HENRIQUE BERNARDELLI

(Valparaiso, Chile, 1857[1] – Rio de Janeiro, RJ, 1936)

Henrique Bernardelli nasce no Chile, em 1857. Em 1870 matricula-se na Academia Imperial de Belas Artes, estudando com pintores de destacada importância, como Victor Meirelles e Agostinho da Motta. Em 1878 naturaliza-se brasileiro para poder concorrer ao Prêmio de Viagem à Europa, concedido pela AIBA[2]. Após perder o prêmio para Rodolpho Amoêdo, viaja para Roma, Itália, em 1879, com recursos próprios.

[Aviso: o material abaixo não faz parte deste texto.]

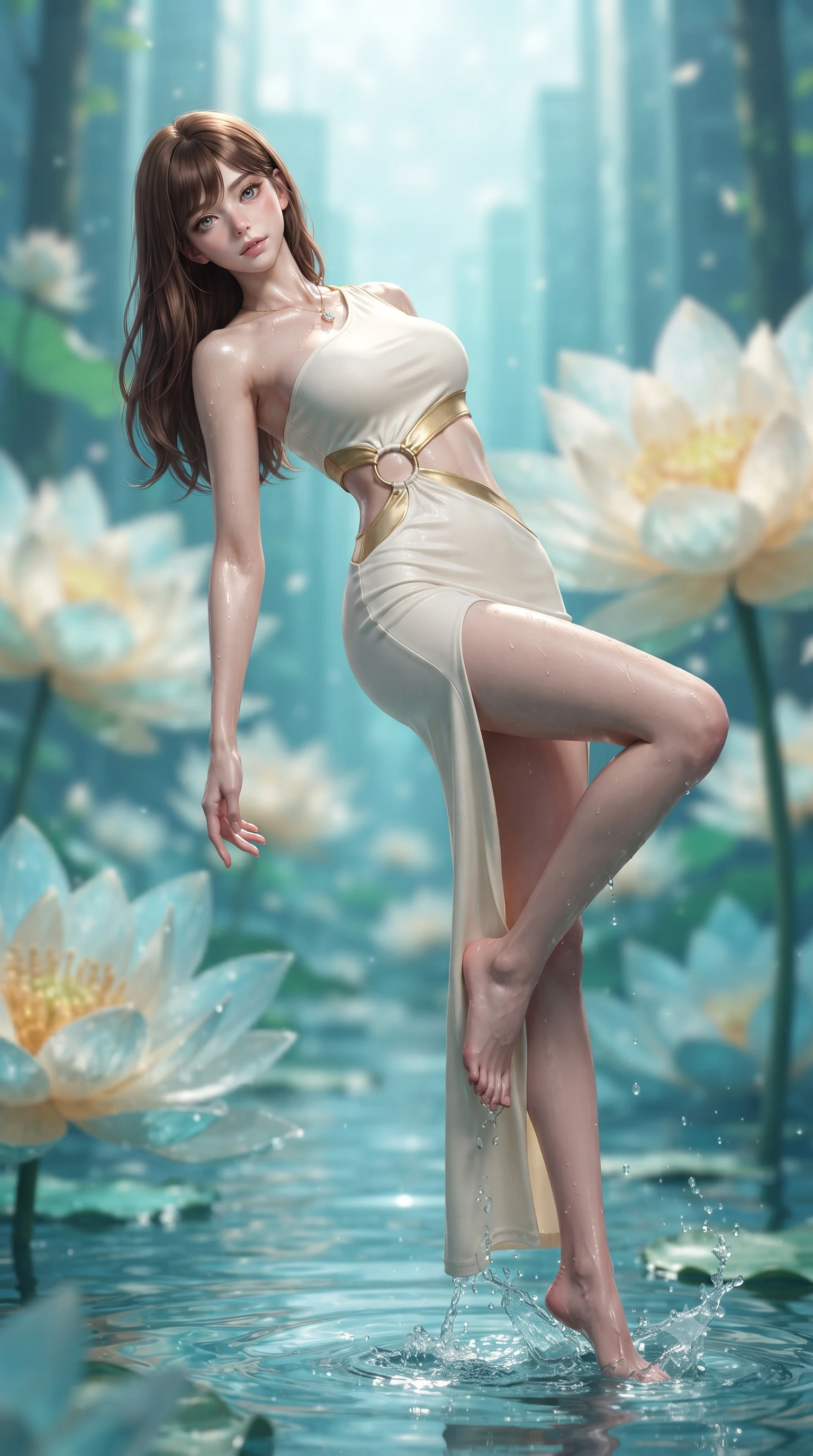 score_9, masterpiece, best quality, ultra-detailed, high-budget anime keyframe, editorial fashion photography, tasteful artistic composition, Korean woman. low angle full-body shot from head to toe showing her feet, filling the entire 9:16 vertical frame with her statuesque presence, stretching her vertical silhouette. reclining back languidly with one knee bent and spine arched in a breathtaking dancer line, commanding the entire 9:16 vertical frame while wading lightly into the shallow lotus pool, water splashing around her slender ankles in glittering droplets. The composition keeps background elements in soft focus with creamy bokeh. giant floating lotus blossoms and distant vertical forest skyscrapers blurred into crystalline turquoise, gold, and azure bokeh. She has an absolutely perfect, statuesque 8.5-heads proportion, an exceptionally tall and slender model-like female figure with impossibly long slender legs, a toned flat midriff, and an ultra-slim waist. sharp v-shaped jawline, high-bridge nose, intricate jewel-like eyes with depth, thick eyelashes, glossy parted lips with a natural sheen, intensely captivating and seductive expression, flawlessly proportioned anatomical accuracy, strict slender model proportions, natural body alignment, perfectly sculpted long slender limbs, ultra-slim waistline, clean dynamic posture without body distortion. wearing a modern goddess one-shoulder liquid-knit gown with an exposed midriff ring cutout in pristine ivory white and brushed brass gold, tailored from crisp structured cotton poplin with organic dye, complemented by a dainty solar crystal pendant resting near her collarbone, the form-contouring material adhering flawlessly to her sculpted flat midriff and slender torso, emphasizing her long leg lines and perfectly proportioned willowy build. illuminated by wet specular highlights accentuating her collarbones, waistline, and slender curves. ultra-reflective glossy finish, specular highlights, rich textural contrasts, high-contrast stereoscopic depth, volumetric dynamic lighting, 2k, ultra detail, master piece, 9:16 ratio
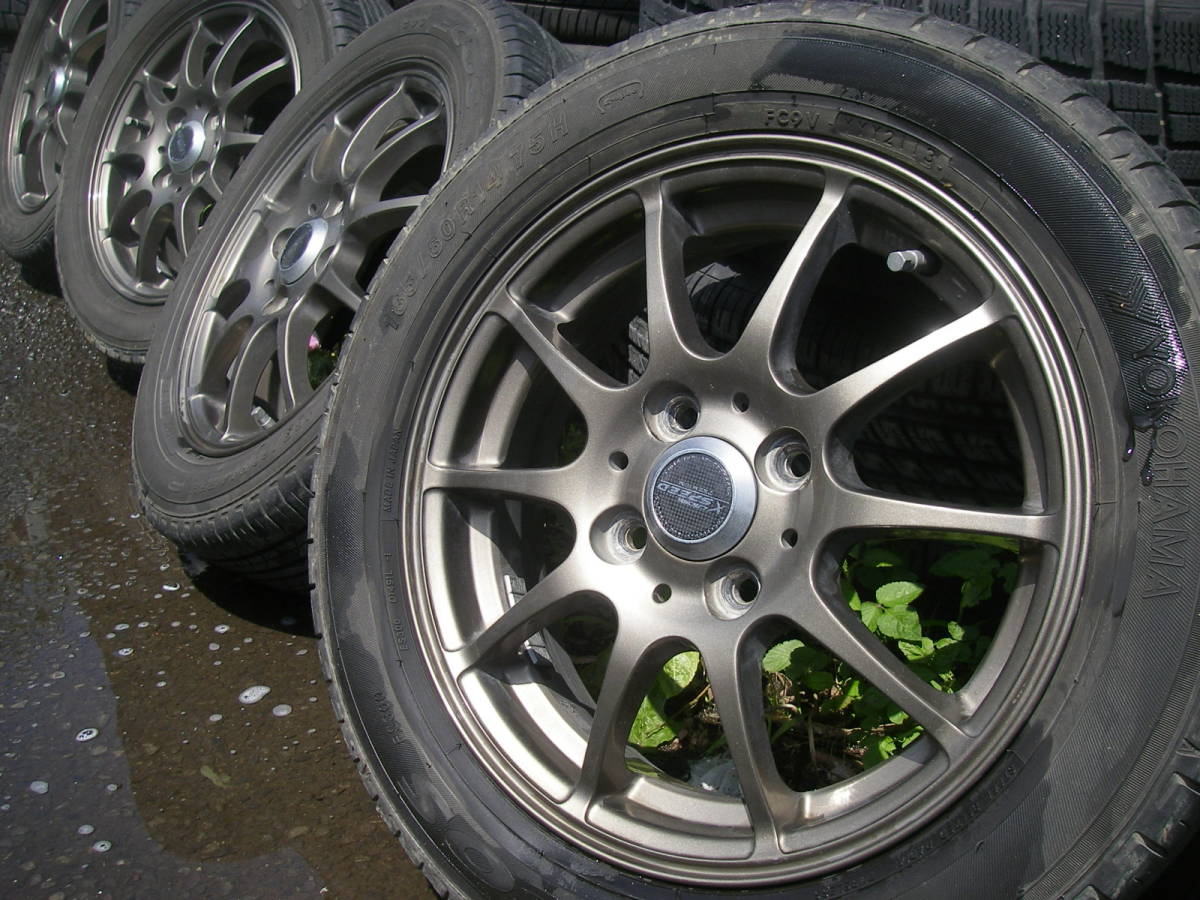 アトレーワゴン外し クロススピードプレミアム14インチ4穴PCD100 ブロンズ系、165/60R14タイヤ付４本セット【中古】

Ali, entra em contato com a obra de artistas como Francesco Paolo Michetti e Giovanni Segantini.Em 1886, embora ainda residindo em Roma, envia ao Rio de Janeiro uma série de obras que fazem parte de sua primeira mostra individual, dentre elas duas cabeças de velhos, muito elogiadas pela crítica de arte, e a tela Ao Sol.

De volta ao Rio de Janeiro em 1888, o artista participa de inúmeras exposições: em 1889, da Exposição Universal de Paris, ganhando medalha de bronze com a tela Os Bandeirantes; em 1890 da Exposição Geral das Belas Artes, onde se destaca com obras como Dicteriade, Tarantella e Calle de Venezia e em 1893 da Exposição Universal de Chicago, com Messalina, Mater e Proclamação da República.

Em 1891, torna-se professor de pintura na recém-inaugurada Escola Nacional de Belas Artes. O artista mantém vivo o contato com a cultura figurativa italiana, viajando constantemente para cidades como Roma, Nápoles e Veneza. Leciona na Escola até 1906, passando então a dar aulas particulares em seu atelier, recebendo concomitantemente encomendas particulares. Sua atuação como decorador merece destaque, tendo realizado trabalhos no Theatro Municipal, na Biblioteca Nacional e no Museu Nacional de Belas Artes.

Em 1916 conquista uma das mais altas premiações que um artista plástico pode aspirar no Brasil: a medalha de Honra. Foi também membro do Conselho Superior de Belas Artes, para o qual prestou relevantes serviços.

* Veja mais sobre Henrique Bernardelli em DezenoveVinte

Catálogo dos Quadros de Henrique Bernardelli – Exposição de 1886, seção Documentos.

Programas das disciplinas práticas do Curso de Pintura da Escola Nacional de Belas Artes durante a 1a República, Seção Documentos.

Gonzaga Duque. A arte brasileira: Progresso VI, Seção Artigos na Imprensa.

Belmiro de Almeida.Carta a Henrique Bernardelli,1881, seção Documentos.

Henrique Bernardelli. Carta a Eliseu Visconti,1898, seção Documentos.

Celita Vaccani. Trabalho referente aos cometários sôbre o Aleijadinho, escritos por Henrique Bernardelli, Seção Textos de Artistas.

Camila Dazzi. Revendo Henrique Bernardelli, seção Artistas e Coleções.

Camila Dazzi. As Relações artísticas entre Brasil-Itália no último oitocentos: a recepção da crítica de arte carioca aos pintores brasileiros na Itália (1880-1890), seção Críticas de Arte.

Camila Dazzi. Pensionistas da Escola Nacional de Belas Artes na Itália (1890-1900) - questionando o “afrancesamento” da cultura brasileira no início da República, seção Ensino Artístico.

Camila Dazzi. A Mitificação da Mulher na Cultura Figurativa do último Oitocentos – análise da tela “Mater” de Henrique Bernardelli, seção Obras.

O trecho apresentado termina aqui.